正法眼蔵がなければ死んでいた 私にとっての正法眼蔵 仏性その四十九

 岩波文庫85、86ページ「空なるゆゑに空といはず、無なるゆゑに無といはず、仏性空なるゆゑに無といふ。しかあれば、無の片々(へんぺん)は空を道取する標榜なり、空は無を道取する力量なり」
 空つまりありのままの存在であるというのは、単純に言葉で「空」などとは言えない。現実に生きている中では有るとか無いとか「言葉」で表現している暇など無いから「無」などとは言えない。仏性はありのままの絶対的存在であるから、それを敢えて言葉で表現すれば「無」としか言い様がない。そういうことであるから、現実の中の色々な事は「無」が色々な形で現れていることであり、それはありのままの存在=空の具体的な現れ方であり、言葉では言い表せない何かを指し示す道しるべである。言葉では言い表せない何か「空」には、この世界のすべての存在を単純に「名詞」「レッテル」で言おうなどとはせず「無」ということができる力量があるのだ。
 西嶋氏は、「仏教は実在論だ」と主張されている(と思う)。仏教界では異端らしい。しかし、上記のとおり、現実の真実を対象としているのだから、実在論なのだとしか思えない。
 まあ、学会とか宗教でも何でも団体にはヒエラルキーがあって、その主流派と異なる主張をするのは大変だ。しかし、これは「正しさ」の議論ではない。そう思う人間が多いか少ないかだけの話しだ。
 ヒエラルキーのトップの考え方が主流になるに決まっている。そして困ったことにトップになるのは、正しさによってなるのではなく、権力闘争に勝った者であることがほとんどすべてであるということ。
 ただ、どんなにその団体が大きくとも、歴史があろうとも、トップが正しくなく、周りもそれを止められなければ、遅かれ早かれ、その団体は駄目になる。因果の法則でそれは絶対だ。
 ちょっと話しはそれるが、「忖度」という言葉が流行った。今も流行っているのかな?社会、団体の中で生きていれば「忖度」なんてあって当たり前だ。なーんにも忖度しない奴は自分勝手な厄介な奴だろう。

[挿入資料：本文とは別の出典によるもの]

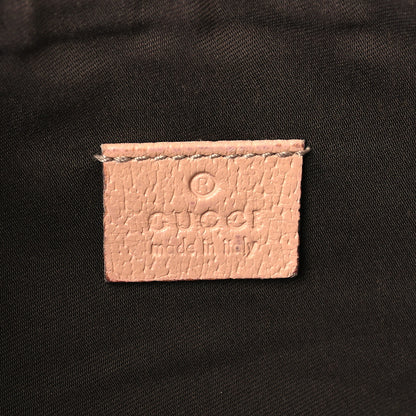 Gucci Monogram Pretty Boat Pochette Pink 6 of 12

 幼稚に忖度はいかんとだけ言っているのは、お馬鹿さんとしか言い様がない。
 やって良い忖度と駄目な忖度がある。忖度することで全体が和やかに一体感を持って事を進められるということはあるだろう。良い忖度なのか悪い忖度なのか、それを決めるのは、大宇宙の真理であり、それは坐禅した心身によって可能となる。
 駄目な忖度はしない場合、トップやその取り巻きに疎まれて、苛められる可能性が高いことは当然だ。左遷されたり、降格させられたりもするだろう。それでも、「この忖度はしない」とするかしないかは、坐禅が決めてくれる。